Boşandığı yıl, yani 2015’te bir albümle daha etrafı kasıp kavuruyor Teoman. Şahsi fikrim; bu albümdeki parçaların sözleri, eski Teoman’ı aratıyor. Daha basit yazılmış sözleri andırıyor birçok parça. Örneğin, herkesin kendinden bir şeyler bulduğunu sandığı “Serseri” şarkısı. Başından bir evlilik geçen Teoman, bu şarkısında “Ne yazık ki tek tabanca/ Serseri doğdum, serseri ölceem” diyor. Ancak yine de sözler fazla basit geldi bana önceki albümlerine kıyasla. “N’apim Tabiatım Böyle” şarkısında ise artık sürekli arayışta, oradan oraya gidip duran adamın kendini kabullenişini, kendiyle ilgili birtakım gerçekleri öğrendiğini görüyor gibiyiz:
“Şişeleri açarım
Alkole koşarım
Bu bomboş dünyada
Bir mana ararım
Yanarım bir sigara gibi
Küllerim dağılır
Sönerim çünkü ateşim
İzmarite dayanır
N’apim tabiatım böyle”
Aa unutmadan… Bu albümün adı ne biliyor muyuz? “Eski Bir Rüya Uğruna”
Teoman, yine geçmişe dönük şarkılar, parçalar, albüm isimlerinden vazgeçmiyor burada da. Şahsen bu albümdeki bazı parçaların sözlerinin pek özenilmemiş olduğunu düşünsem de, sahne büyüsü, kendine has sesi, tarzı, yüz ifadeleriyle Teoman bu albümüyle de pek çok barda amatör gruplarca çalınmayı, sayısız insanın favori müzik listesinde yer almayı, konserlerde dinleyenleri coşturmayı başarıyor.
Ve 2018! 2 yıl geçti daha. Tabii o zaman, 2 sene sonra insanların sokaklarda maske ile dolaşacağını söyleseler herkes kalayı basardı. O sene çıkardığı albümün adı da çok manidar: “Koyu Antoloji”
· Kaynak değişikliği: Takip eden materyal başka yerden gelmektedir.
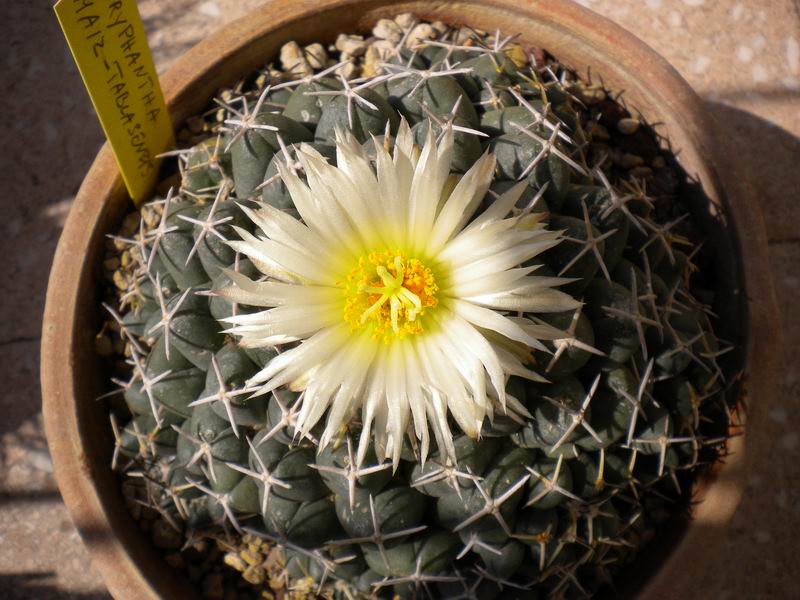 Coryphantha maiz-tablasensis 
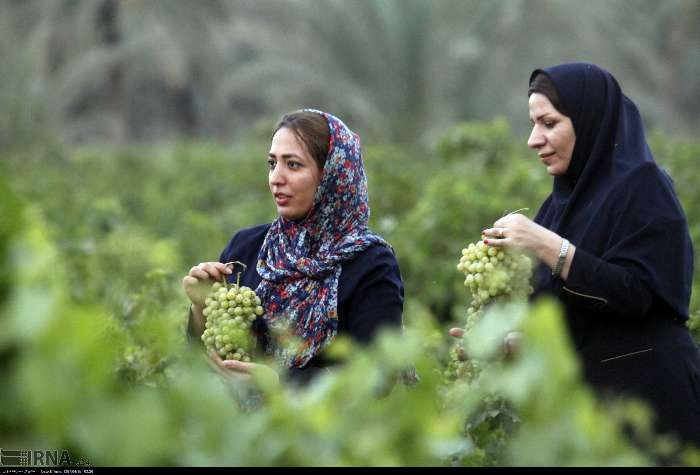 برگزاری جشنوارهها و ارائه خدمات رایگان در هفته گردشگری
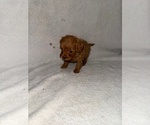 Small #3 Cavapoo (Miniature)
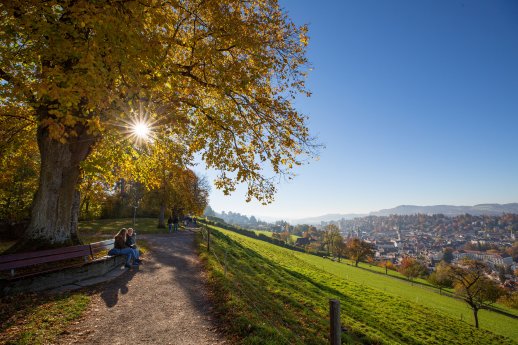 Herbst Drei Weieren.jpg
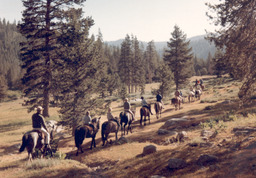 Donner Trail Guest Ranch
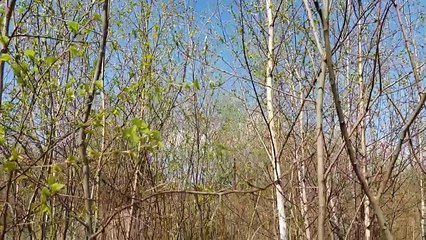 38. Magiczna brzoza zastosowanie magiczne zwyczaje legendy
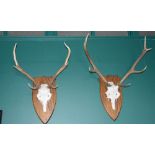 A group of six stag horn trophies, all mounted on shield-shaped plaques. Provenance: The selected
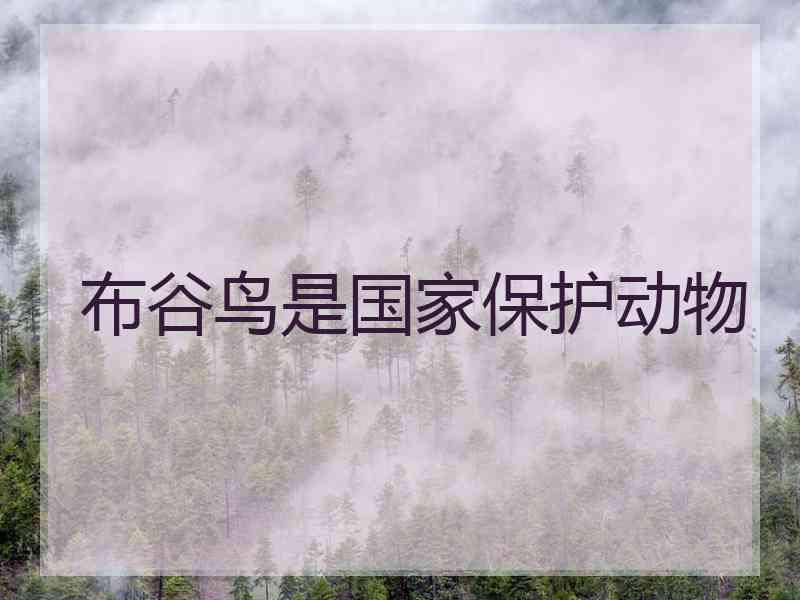 布谷鸟是国家保护动物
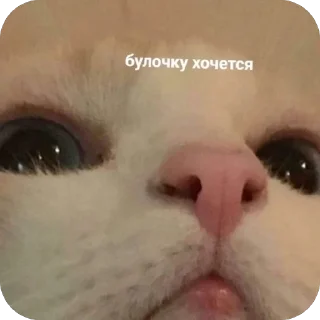 Стикер мяв - 2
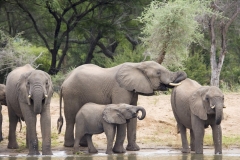 12 Young Elephants Drinking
Albümün kapağında da bir matem havası var zaten. Teoman siyah bir perdenin önünde siyah gömleğiyle. Üstelik yarı karanlık bir ortam… Ve bir cenaze izlenimini veren çiçekler. Sanatçı bu albümde de, eski albümlerinden bazı parçaları derleyip yeni bir formda söylüyor. Üstelik albümün adı gibi, parçaların yeni yorumları da oldukça koyu. Pek hareketlilik yok. Ağır ağır ilerliyor tüm şarkılar. Konserde herkesi coşturan o Güzel Bir Gün var mesela bu albümde. Ancak oldukça ağır bir ritimde. Dans etmeniz mümkün değil. Renkli Rüyalar Oteli’nden Fahişe’ye, Paramparça’dan Duş’a kadar yine klasikleşmiş Teoman şarkıları yer alıyor bu albümde. Çok uzun ve yorucu bir yolculuğun sonunda bir yas ve olgunluk sürecini çağrıştırdı bana bu albüm. Birkaç hafta önce, yani 2020’nin şu Eylül ayında kameralara yakalanıyor Teo. Maskeli. Şortlu. Eve dönüyor. 1.5 sene içerisinde yeni bir albüm çıkaracağını, onun için çalıştığını söylüyor. Bakalım 2020 sonrasında bizi ne bekleyecek? Belki kızına bir şarkı yapar… Her şey bir yana, yavaş yavaş sona gelirken; iyi ki varsın Teoman! Kalbime dokunmayan bir şarkın yok, desem abartmış sayılmam. Çalışırken de, boş boş yürürken de, üzülürken ya da heyecanlanırken de senin şarkıların hep yanımdaydı. Klişeye kaçmak istemem ama; şarkıların sanırım birkaç nesli büyüttü, büyütüyor, büyütmeye devam edecek. İyi ki varsın serseri!